So the weather is (for the most part) pretty darn great in Florida right now. Trust me, I’m not bragging to my Northern readers, as summer is just around the corner here already. You will get your time soon enough, Northerners!
To take advantage of the weather, I’ve been trying to run, training for a 10k later this month. I know I’ll be able to run the 10k, but I’m not sure I will run it at the speed I would like. I felt much more ready for my 10k last spring. I just don’t seem to have the energy or even as much motivation (this is a first for me in running) and my “good” runs are happening less often. I’m enjoying running, so I”m not sure what’s up. However, the running app I use, MapMyRun, is giving me motivation with emails like the one above to keep moving! In addition to running, I’m working on a few things to make running better and get into the zone.
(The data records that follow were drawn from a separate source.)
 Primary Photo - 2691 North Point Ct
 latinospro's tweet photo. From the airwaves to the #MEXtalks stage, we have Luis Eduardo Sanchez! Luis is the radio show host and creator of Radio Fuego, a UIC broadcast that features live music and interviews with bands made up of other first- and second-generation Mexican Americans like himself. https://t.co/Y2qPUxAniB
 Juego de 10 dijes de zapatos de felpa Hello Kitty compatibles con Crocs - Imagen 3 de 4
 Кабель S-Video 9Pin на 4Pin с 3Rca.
I’m looking to create the ultimate running playlist. I’m not talking Justin Beiber and Taylor Swift songs that are always on the radio. I’m looking for long-term, tried-and-true songs to get people moving, especially in the 10-15 years ago range. What songs get you moving?
I’m focusing more on what I’m eating, making sure I’m eating enough food in general and a good mix of food. I haven’t felt as hungry lately, but I think that is leading to a loss of energy. I have been eating the food from my farm, so I”m eating healthy, but I think it’s still not enough variety or calories some days, especially days for a big run. I’m having a post-run smoothie (so refreshing after a run and easy to digest and start muscle recovery and restore energy) but need to keep eating enough. What do you eat after a good workout or when you feel like you are in a slump?
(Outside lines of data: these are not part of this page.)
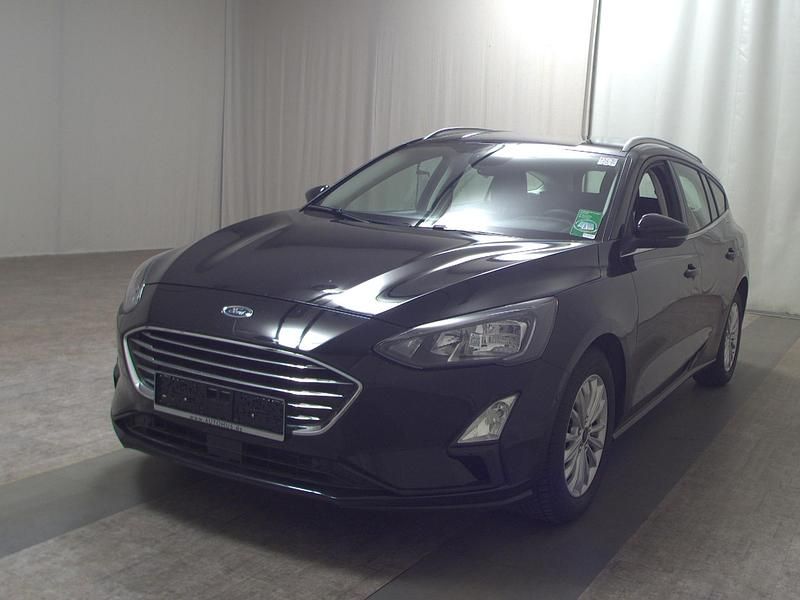 Gebraucht Ford Focus Titanium 125 PS (91 kW) 2021 Schwarz Kombi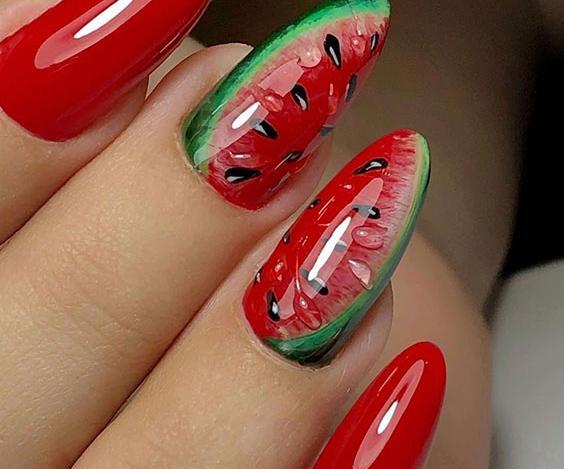 عکس ناخن شب یلدایی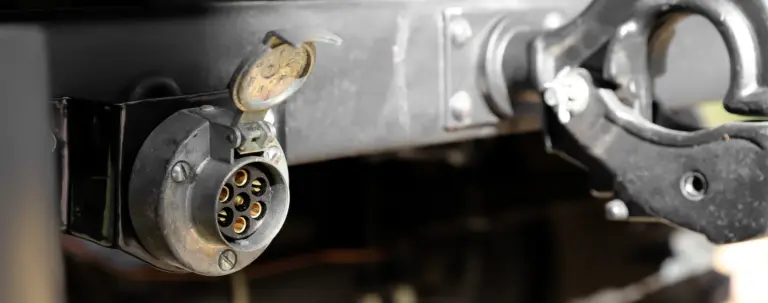 jak sprawdzić gniazdo przyczepy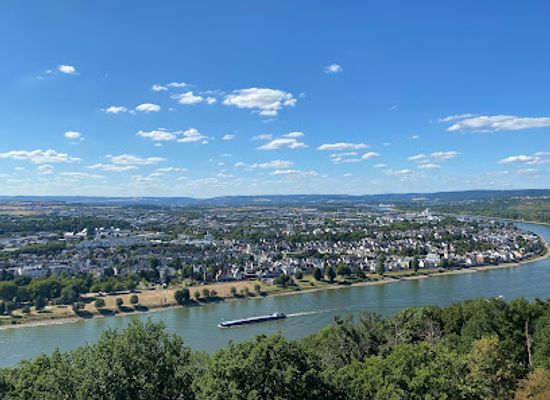 germany/koblenz/deutsches-eck/attraction/koblenzer-kanten-rhein-mosel-blick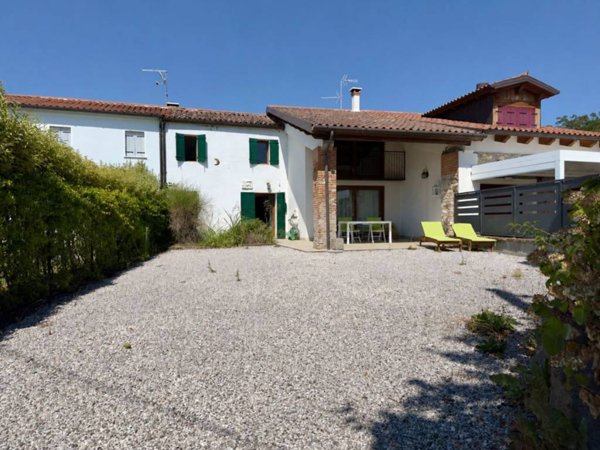 casa indipendente in vendita a Vo'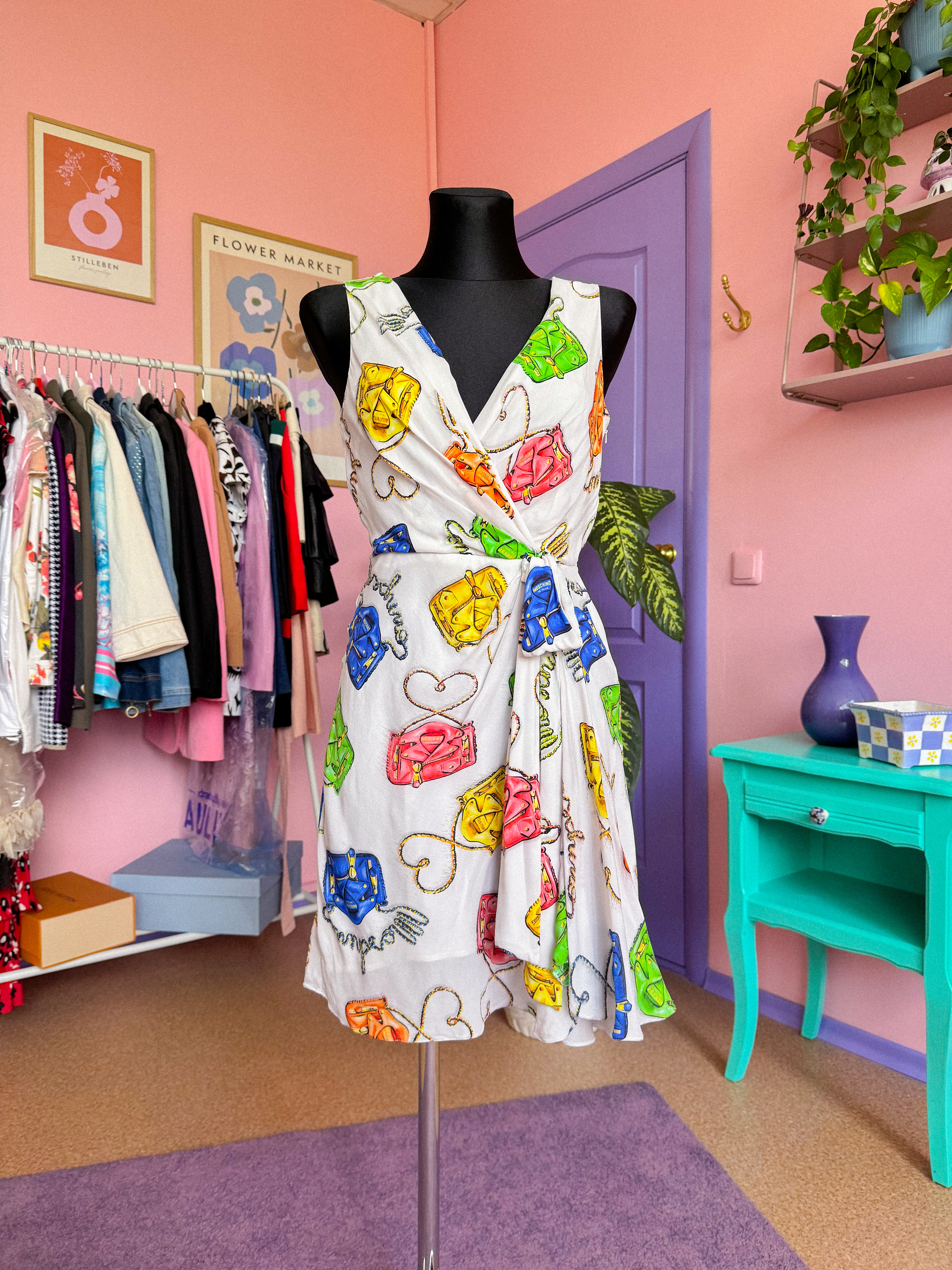 MOSCHINO šilkinė rankinukų suknelė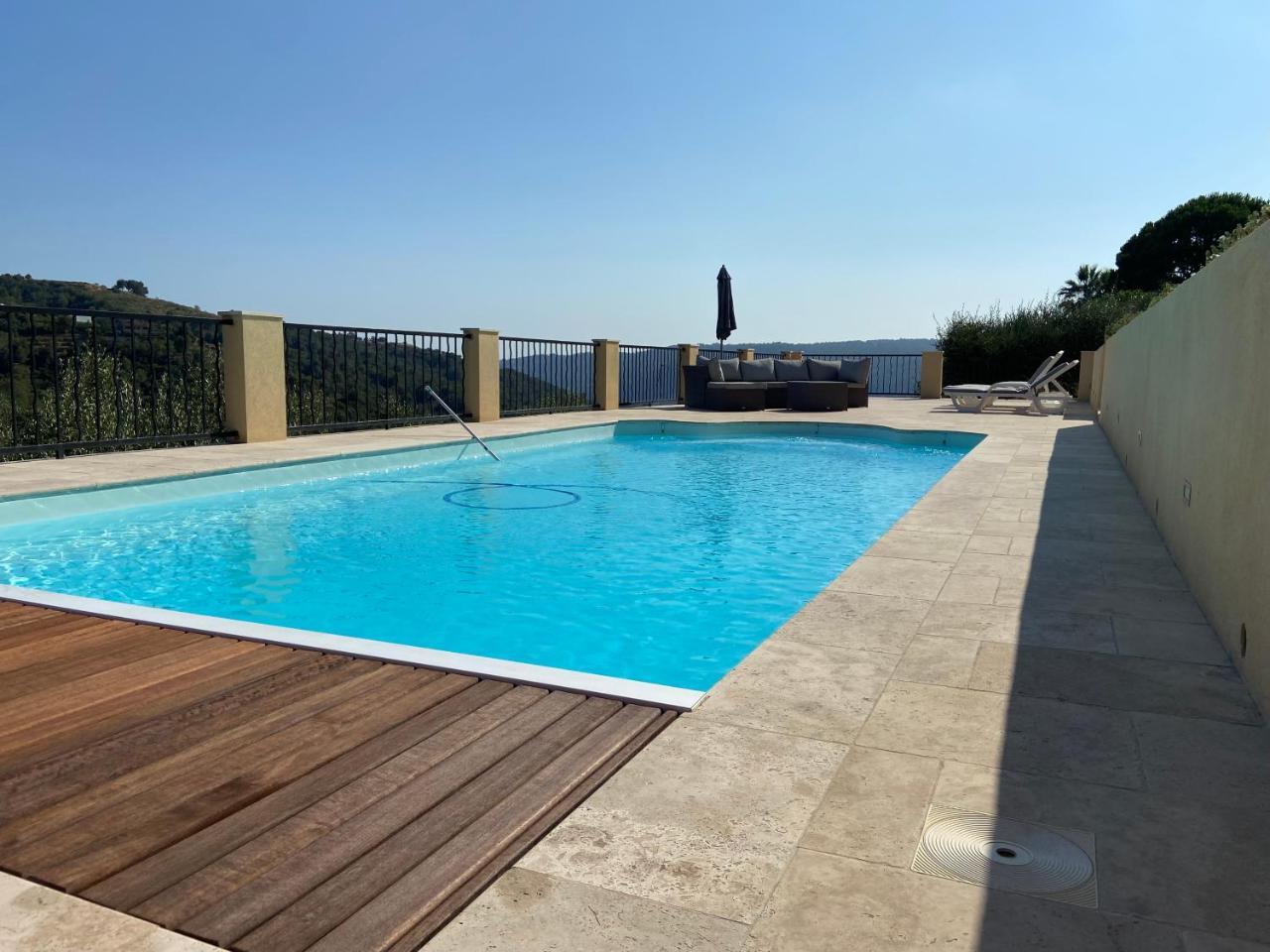 Villa Avec Piscine Chauffee Nice Collines — 4-Star Luxury Hotel in Nice, France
This lentil salad caught my eye because it seems balanced, is served at room temperature and has contrasting flavors and texture, so I knew it would be a great post-run meal in a pita or lettuce, or a small snack. I added some three-seed bread for carbs and nutrients.
- 1 cup uncooked brown lentils
- 3 cups water
- 4 tbsp olive oil
- 7 or 8 cloves garlic very finely minced
- 1 red onion finely chopped
- Handful of fresh parsley, finely chopped
- 4 tbsp fresh lemon juice
- 1 1/2 tsp ground cumin
- 1/4 tsp ground cinnamon
- 1/4 tsp freshly grated nutmeg
- salt & black pepper
- 1 pomegranate, deseeded
- 4 ounces feta cheese
- Rinse the lentils under the tap then put them in a small pan with the water, bring to the boil, then simmer gently until lentils are cooked (about 25 – 30 mins). They should be tender inside but still holding their shape.
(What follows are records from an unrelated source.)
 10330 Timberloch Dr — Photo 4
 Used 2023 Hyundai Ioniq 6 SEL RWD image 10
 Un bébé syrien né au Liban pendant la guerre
- Meanwhile, mince the garlic cloves & chop the onion very finely. Heat 2 tbsp of olive oil in a frying pan, add the onion & garlic and cook over a very low heat until well softened, about 10 – 12 minutes. Then remove from the heat.
- Whisk together the lemon juice, 2 tbsp olive oil, cumin, cinnamon and nutmeg.
- When lentils are tender, drain well, rinse under cold water then return to the pan.(Not on the heat). Turn the heat back on the garlic & onion pan, add the lemon dressing mixture and heat for about a minute. Pour this over the lentils and gently stir to make sure the lentils are well coated in the dressing.
- Stir in parsley and season well with salt and black pepper. You can serve this salad warm or at room temperature. When you are ready to serve the salad sprinkle it with the pomegranate seeds, crumble over the feta and finish it off with a few more chopped herbs.